IONITYは、アウディとポルシェを傘下に置くフォルクスワーゲングループ、BMWグループ、フォードモーター、ヒョンデ、メルセデスベンツなどの大手自動車メーカーが参加する合弁会社だ。アウディのドライバーは、ヨーロッパのどこにいても、便利で確実に充電することができるという。
新しい充電サービスを可能にするために、アウディはフォルクスワーゲングループの充電子会社とそのブランド「Elli」と協力する。アウディの充電サービスは4年前、アウディ初のEVの発売に合わせて開始された。今後、3つの料金プランを選択できる新しいサービスに切り替えられる。
◆割安な料金で充電可能
料金プラン「pro」は主に、頻繁に充電するドライバーを対象にしている。ドイツ本国における月額基本料金は14.99ユーロ。ドライバーは交流(AC)充電ステーションで、1kWhあたり45セントで充電することができる。さらに、プランproは、IONITY急速充電ステーションで充電する場合、標準的な料金と比較して、安価な金額が設定されている。現在、ドイツのハイパワー充電は、1kWhあたり35セント。これはドイツの急速充電ステーションの一般的な価格と比べて、安価という。
アウディのEVとPHEVを購入した顧客は誰でも、初日から特別料金で充電することができる。さらにアウディは、プランproの最初の1年間の基本料金を負担する。しかし、基本料金を含めた場合でも、1か月に35kWhの充電をすることにより、他の2つの料金プランよりも割安に充電できるようになる。これは、IONITY充電器による1回分の平均充電量に相当する。
外出先で、たまに充電するだけのドライバーは、月額7.99ユーロの基本料金で、プラン「plus」を利用することができる。このオプションでは、ACとDC充電ステーションにおける手頃な価格の料金が設定され、DC充電ステーションで1か月に48kWhの充電をすることで、「basic」プランよりも割安になる。料金プランbasicには基本料金がかからない。単価は高くなるものの、この料金プランでも、欧州全土の充電ネットワークへのアクセスが可能。他の料金プランと同様に、充電に関連するすべての便利な機能が利用できる。料金プランbasicは、毎月決まった量の充電を行う必要がないため、普段は自宅の充電器を利用し、外出先でたまに充電するドライバーに適しているという。

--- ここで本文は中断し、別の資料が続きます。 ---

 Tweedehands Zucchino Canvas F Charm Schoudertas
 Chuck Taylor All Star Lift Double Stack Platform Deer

ドイツ以外の国で充電する場合には、各国の設定価格が適用される。これにより、ドイツ国外に旅行する場合でも、充電コストを事前に把握することが可能になるという。
◆充電ステーションでは「プラグ&チャージ」が利用可能
アウディの充電サービスの便利な機能のひとつは、「MMI(マルチメディアインターフェイス)」とアプリの両方で、ナビゲーションシステムのルートプランに、利用可能な充電ポイントが表示される点だ。アプリを使用して事前にルートプランを作成した場合は、そのプランを車両に送信することができる。さらに、付属の「RFID(非接触)カード」や「myAudi」アプリを介して、充電ステーションを起動して、充電プロセスを開始することができる。

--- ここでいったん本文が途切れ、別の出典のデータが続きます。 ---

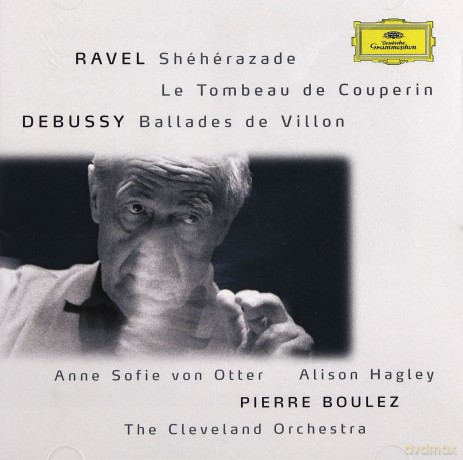 Boulez/Cleveland Orchestra: Ravel/Debussy [CD]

一方、すでにIONITYや「Aral Pulse」の充電ステーションで利用可能な「プラグ&チャージ」機能は、今後より多くのプロバイダーから提供される予定。ドライバーは、車両でこの機能を起動した後、充電ケーブルを挿入するだけで、充電ステーションと車両は暗号化された接続を介して通信する。課金プロセスは自動的に開始され、クレジットカードなど、myAudiアプリに登録されている支払い方法を通じて請求が行われる。プラグ&チャージ機能は、市場導入後まもなく、新しいアウディの充電ネットワークで利用できるようになる予定だ。

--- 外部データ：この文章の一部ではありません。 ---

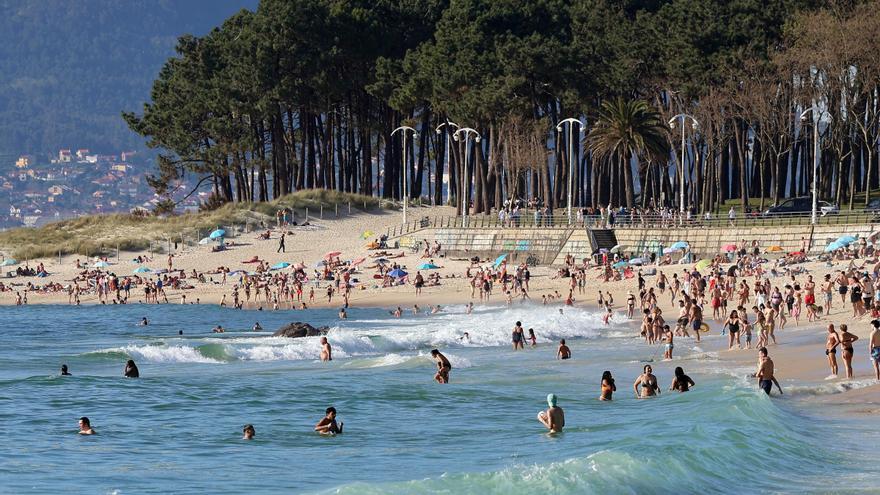 Galicia afronta hasta 13 grados más de lo normal en este episodio de calor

また、myAudiアプリを使用する場合のメリットもさらに向上する。例えば、将来的には、車両のオーナーは契約条件を完全に管理できるようになり、数回クリックするだけで他の料金プランに変更できるようになる。このアプリは、選択した充電ステーションの料金を表示し、ほぼすべての充電プロセスの明細も表示することが可能、としている。